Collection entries
=== Begin Enclosure ===

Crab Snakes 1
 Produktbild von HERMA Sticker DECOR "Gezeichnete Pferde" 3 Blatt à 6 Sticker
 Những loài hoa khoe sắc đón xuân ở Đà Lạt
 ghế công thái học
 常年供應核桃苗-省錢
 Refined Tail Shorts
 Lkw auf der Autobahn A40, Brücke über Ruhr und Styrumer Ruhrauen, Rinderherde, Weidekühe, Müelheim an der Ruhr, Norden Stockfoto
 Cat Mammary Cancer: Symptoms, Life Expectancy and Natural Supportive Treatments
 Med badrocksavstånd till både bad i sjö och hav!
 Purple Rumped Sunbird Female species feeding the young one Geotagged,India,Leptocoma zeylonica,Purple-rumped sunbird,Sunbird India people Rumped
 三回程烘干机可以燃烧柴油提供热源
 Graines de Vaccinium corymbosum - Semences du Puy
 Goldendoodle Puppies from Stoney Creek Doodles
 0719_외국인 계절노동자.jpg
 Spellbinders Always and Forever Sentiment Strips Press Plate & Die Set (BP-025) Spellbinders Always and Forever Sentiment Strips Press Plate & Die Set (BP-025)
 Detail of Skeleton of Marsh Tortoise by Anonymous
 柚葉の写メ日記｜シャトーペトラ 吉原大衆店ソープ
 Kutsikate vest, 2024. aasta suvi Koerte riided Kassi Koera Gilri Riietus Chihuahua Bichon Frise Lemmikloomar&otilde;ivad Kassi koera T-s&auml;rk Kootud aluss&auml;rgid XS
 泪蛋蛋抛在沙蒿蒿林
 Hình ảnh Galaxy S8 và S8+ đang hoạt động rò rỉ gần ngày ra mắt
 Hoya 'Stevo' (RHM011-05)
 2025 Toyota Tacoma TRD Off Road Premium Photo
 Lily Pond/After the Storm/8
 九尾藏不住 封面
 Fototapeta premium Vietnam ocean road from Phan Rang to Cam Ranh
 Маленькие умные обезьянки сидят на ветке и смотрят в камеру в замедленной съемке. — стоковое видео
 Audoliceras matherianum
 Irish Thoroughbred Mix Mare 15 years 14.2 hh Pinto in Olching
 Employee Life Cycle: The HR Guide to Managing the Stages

=== End Enclosure ===

Exactly the lines from the one containing "Fototapeta premium Vietnam" through the end of the records above should be returned, with both ends kept.

**EXERCISE RESULT**
 Fototapeta premium Vietnam ocean road from Phan Rang to Cam Ranh
 Маленькие умные обезьянки сидят на ветке и смотрят в камеру в замедленной съемке. — стоковое видео
 Audoliceras matherianum
 Irish Thoroughbred Mix Mare 15 years 14.2 hh Pinto in Olching
 Employee Life Cycle: The HR Guide to Managing the Stages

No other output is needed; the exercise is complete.